* [EXERCISE DESCRIPTION]
Look for "Elbow darkness removal home remedies" in the entries below. Write out that line and all later lines exactly, ending with the final one.

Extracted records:

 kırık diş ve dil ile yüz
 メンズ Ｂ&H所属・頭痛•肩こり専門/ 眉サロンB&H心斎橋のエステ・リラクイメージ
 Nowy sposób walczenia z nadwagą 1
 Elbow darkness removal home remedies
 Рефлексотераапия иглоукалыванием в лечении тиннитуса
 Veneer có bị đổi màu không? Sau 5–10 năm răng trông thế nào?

* [RESPONSE TO THIS TASK]
 Elbow darkness removal home remedies
 Рефлексотераапия иглоукалыванием в лечении тиннитуса
 Veneer có bị đổi màu không? Sau 5–10 năm răng trông thế nào?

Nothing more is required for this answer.